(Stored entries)
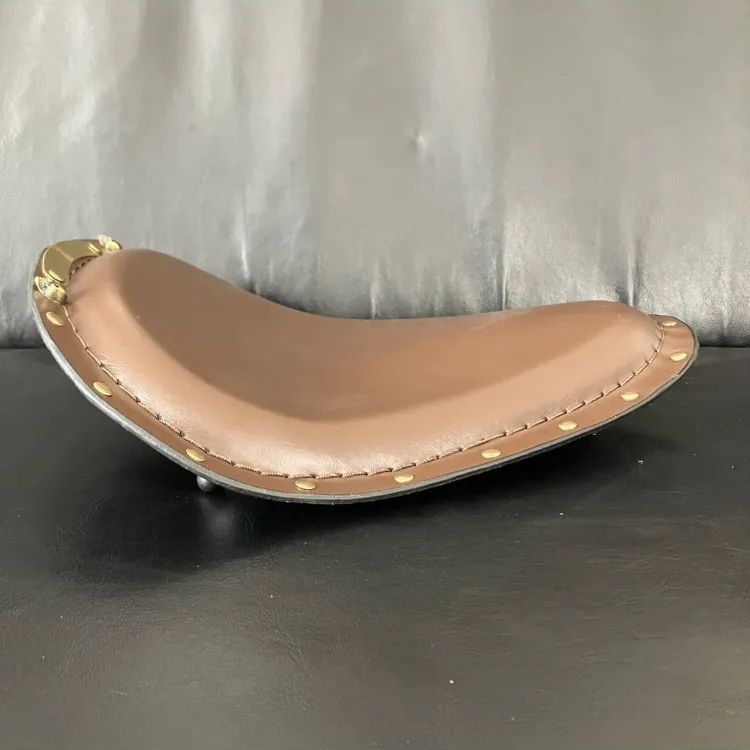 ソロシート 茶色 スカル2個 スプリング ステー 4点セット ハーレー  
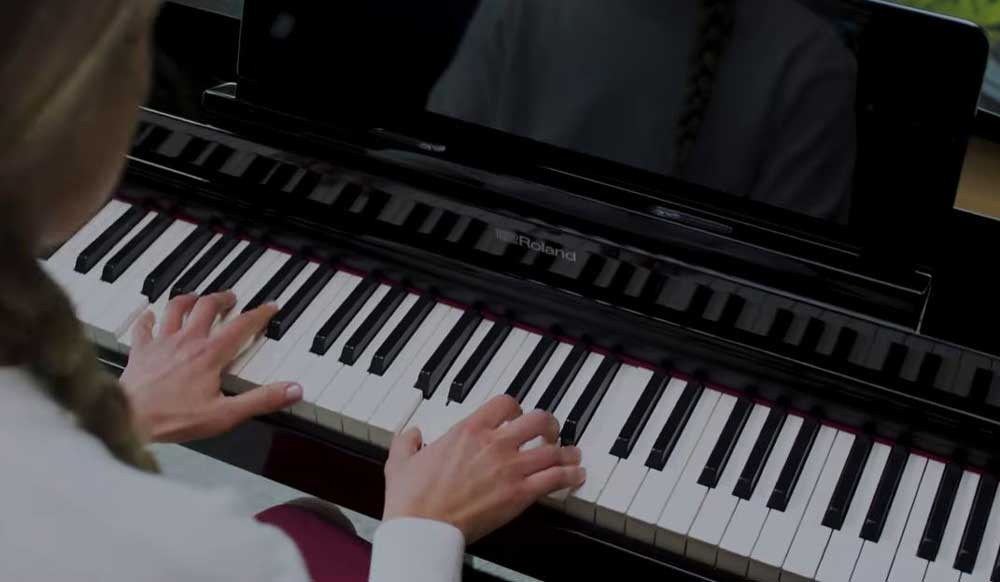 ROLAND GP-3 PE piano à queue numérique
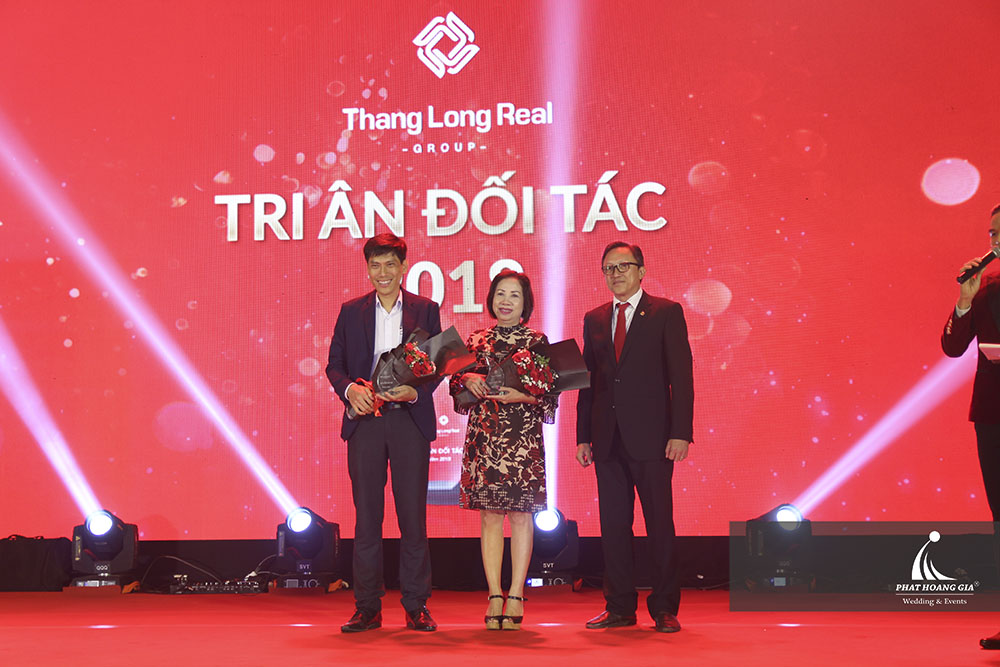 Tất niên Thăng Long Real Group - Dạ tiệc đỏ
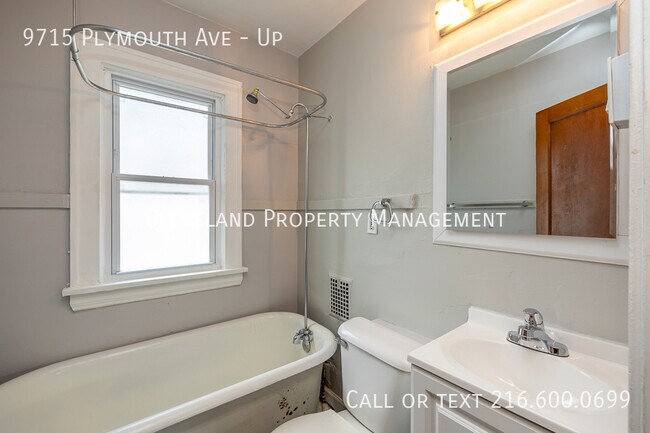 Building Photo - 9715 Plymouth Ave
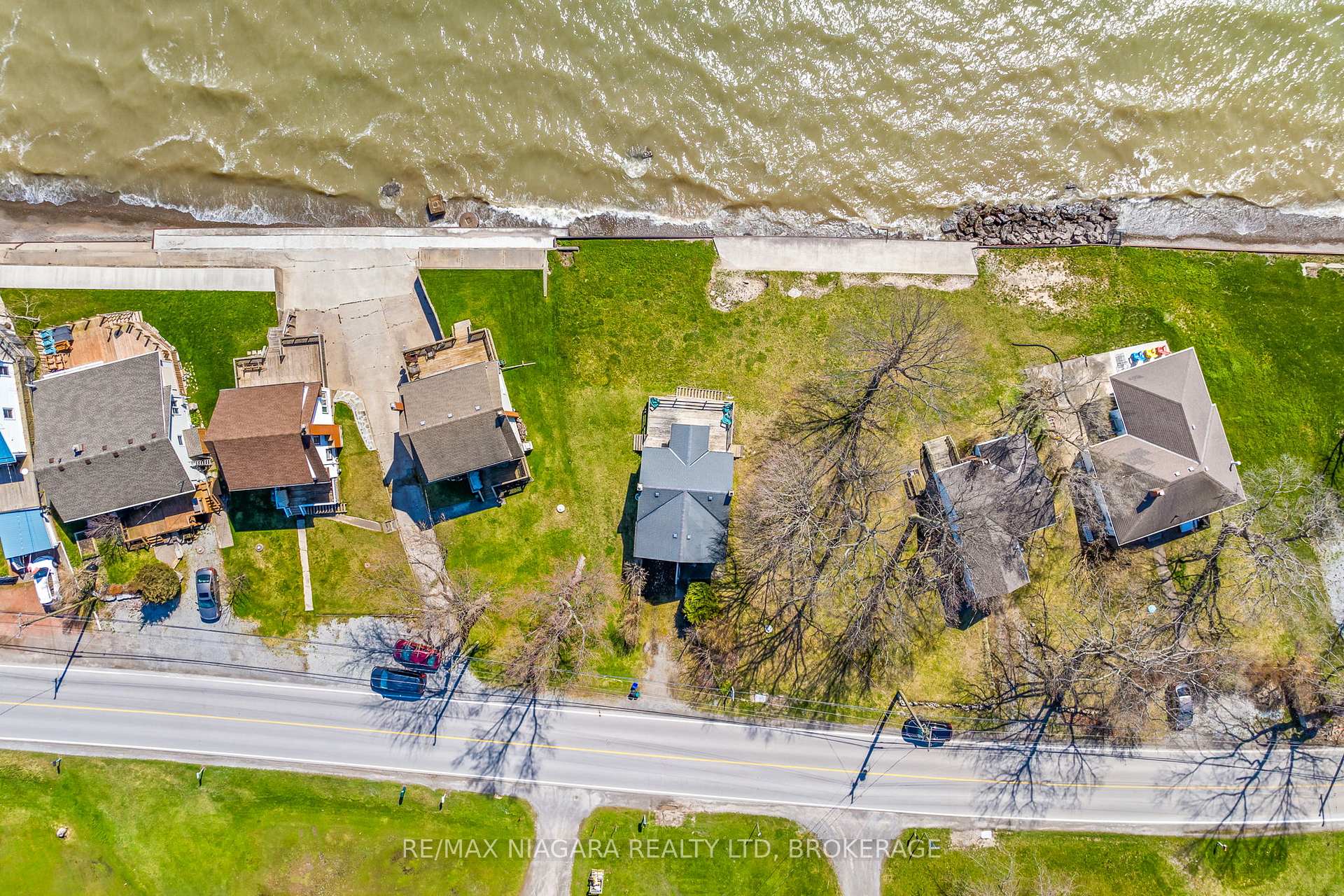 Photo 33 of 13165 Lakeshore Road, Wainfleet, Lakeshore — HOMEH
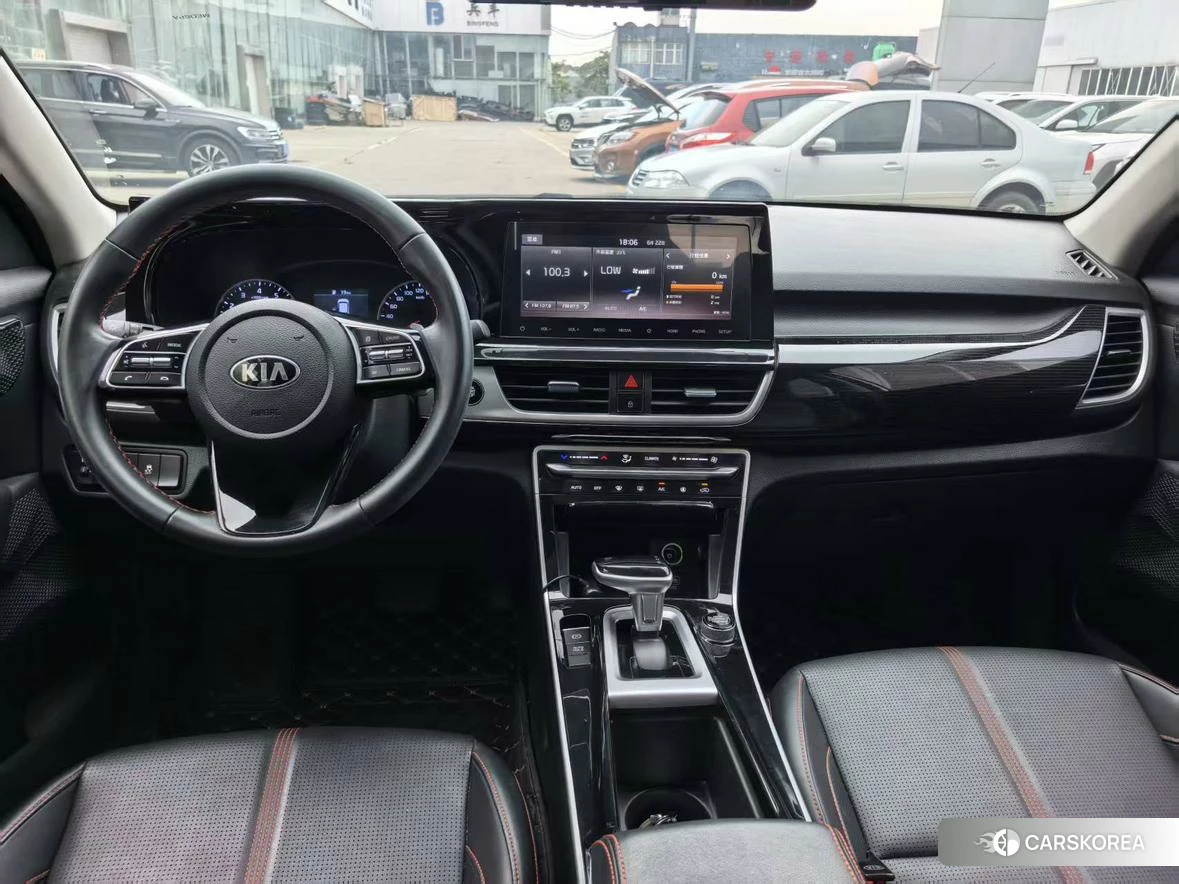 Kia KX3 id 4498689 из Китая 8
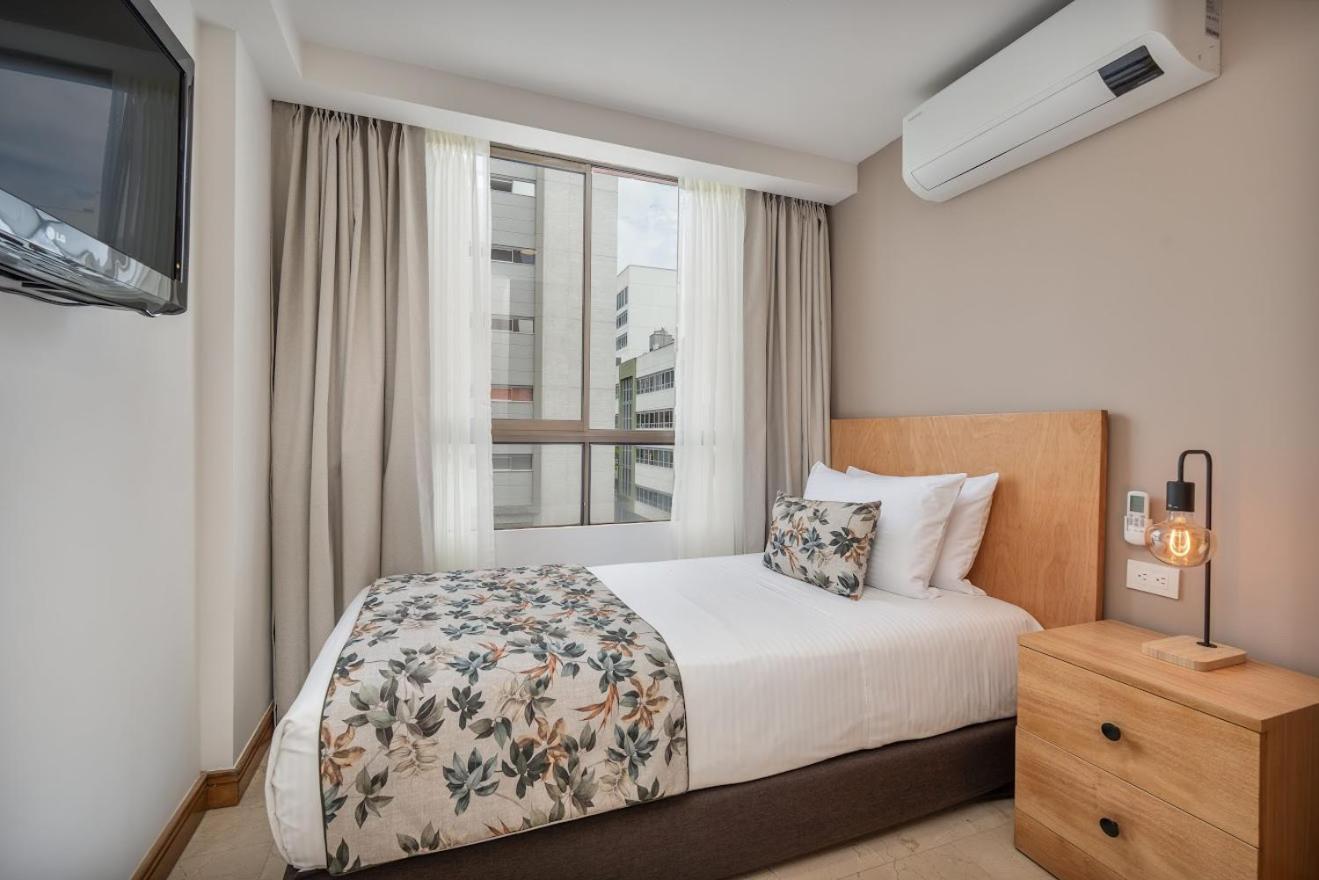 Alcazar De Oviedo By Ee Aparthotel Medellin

# [THE TASK]
A verbatim copy of every record above is required, with all pictures omitted.

# [RESULT OF THIS EXERCISE]
 ソロシート 茶色 スカル2個 スプリング ステー 4点セット ハーレー  
 ROLAND GP-3 PE piano à queue numérique
 Tất niên Thăng Long Real Group - Dạ tiệc đỏ
 Building Photo - 9715 Plymouth Ave
 Photo 33 of 13165 Lakeshore Road, Wainfleet, Lakeshore — HOMEH
 Kia KX3 id 4498689 из Китая 8
 Alcazar De Oviedo By Ee Aparthotel Medellin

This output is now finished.